Marcus Rashford won a brilliant victory forcing the Tory Government to change its stance on free school meal vouchers during lockdown. Political.

Newcastle minority stakeholder Mehrdad Ghodoussi, broker of the Saudi deal with wife Staveley, tweeted a couple of weeks ago: “It’s hard to watch the news and not get emotional. My thoughts and prayers for the people of Ukraine. #PrayForUkraine.”

Fine sentiments indeed, echoed across the football community. But there's an elephant in the Toon boardroom. Under the leadership Mohamed Bin Salman, chairman of the state owned Public Investment Fund that owners 80pc of Newcastle, Yemen has been bombed. Just like in Ukraine, civilians are suffering.

Saudi Crown Prince Mohamed Bin Salman is chair of the PIF who owns 80pc of Newcastle United, and his country has been bombing Yemen (PA)

Since March 2015, the Saudi coalition has launched 23,000 airstrikes, 10,000 civilians injured and 8,000 killed in Yemen, according to a range of official observers. A United Nations envoy reported a “sharp and dangerous escalation of the conflict” last month with 650 civilian casualties in January.

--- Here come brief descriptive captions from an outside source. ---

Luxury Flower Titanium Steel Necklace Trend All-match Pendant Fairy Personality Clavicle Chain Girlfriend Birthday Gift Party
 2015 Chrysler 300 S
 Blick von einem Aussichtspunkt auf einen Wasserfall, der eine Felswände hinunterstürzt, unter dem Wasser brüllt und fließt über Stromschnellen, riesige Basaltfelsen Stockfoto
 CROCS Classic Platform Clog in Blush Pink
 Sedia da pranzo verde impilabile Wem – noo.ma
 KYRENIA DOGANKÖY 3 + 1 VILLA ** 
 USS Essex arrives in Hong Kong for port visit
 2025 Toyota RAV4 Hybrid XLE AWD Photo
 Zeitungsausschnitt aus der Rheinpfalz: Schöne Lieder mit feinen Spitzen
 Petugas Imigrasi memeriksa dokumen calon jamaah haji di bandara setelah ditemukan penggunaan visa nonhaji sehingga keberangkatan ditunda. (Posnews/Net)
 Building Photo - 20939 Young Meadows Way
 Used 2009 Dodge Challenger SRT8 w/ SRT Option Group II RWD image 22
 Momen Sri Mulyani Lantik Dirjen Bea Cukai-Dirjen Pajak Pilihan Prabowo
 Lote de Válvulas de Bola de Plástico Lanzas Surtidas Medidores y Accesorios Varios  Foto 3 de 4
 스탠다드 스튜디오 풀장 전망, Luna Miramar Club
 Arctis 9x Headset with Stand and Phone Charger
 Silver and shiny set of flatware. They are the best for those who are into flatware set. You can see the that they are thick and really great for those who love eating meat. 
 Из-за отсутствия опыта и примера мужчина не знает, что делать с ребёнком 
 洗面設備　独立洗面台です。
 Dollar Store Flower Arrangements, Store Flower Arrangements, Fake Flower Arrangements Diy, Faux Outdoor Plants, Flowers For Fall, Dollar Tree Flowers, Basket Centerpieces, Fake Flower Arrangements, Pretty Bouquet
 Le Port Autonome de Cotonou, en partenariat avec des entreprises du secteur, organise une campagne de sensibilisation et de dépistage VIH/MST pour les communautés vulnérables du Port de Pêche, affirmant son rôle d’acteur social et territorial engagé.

So if Newcastle execs are going to align themselves with anti-war peace sentiment in Ukraine, shouldn’t they look at what’s being done in Yemen too, and condemn it? Or are we just posturing on the populist issue, and ignoring the one that the paymasters want hidden.

Some of the same Newcastle fans - and politicians - who are now happy to watch Newcastle under Saudi ownership, protested against Mike Ashley citing poor working conditions at Sports Direct. Have we really gone from the protest politics about warehouse conditions in Shirebrook, to being silent and ambivalent to the barbaric execution of 81 men in Saudi Arabia last weekend?

Howe’s obviously in an awkward position. But if he has any spine, he should fearlessly give his opinion on these matters. I mean, he must have them, because he’s a smart, diligent coach, operating without ego, and doing a damn good job. In short he seems a straight-up guy, adjusting to life in the full glare of Newcastle. “It’s not Bournemouth”, as he admitted last week.

He could say he is aware of all the political issues around Saudi Arabia. That he reads up on them and is well aware of the concerns some have. If he doesn’t want to criticise his bosses, he could point out that PM Boris Johnson is visiting Saudi this week to beg them to turn up the oil supply and help reduce petrol prices.

He could say we have interdependent economies, do billions of pounds of trade with Saudi and they are a key strategic ally… and so maybe Boris Johnson is better placed than he is to raise human rights concerns.

He could say the Premier League were happy to let the PIF - and its chairman Crown Prince Mohamed Bin Salman - buy Newcastle, so ask them about it. But he must no longer come across as a mute pawn in the bubbling politics surrounding Newcastle United and Saudi Arabia.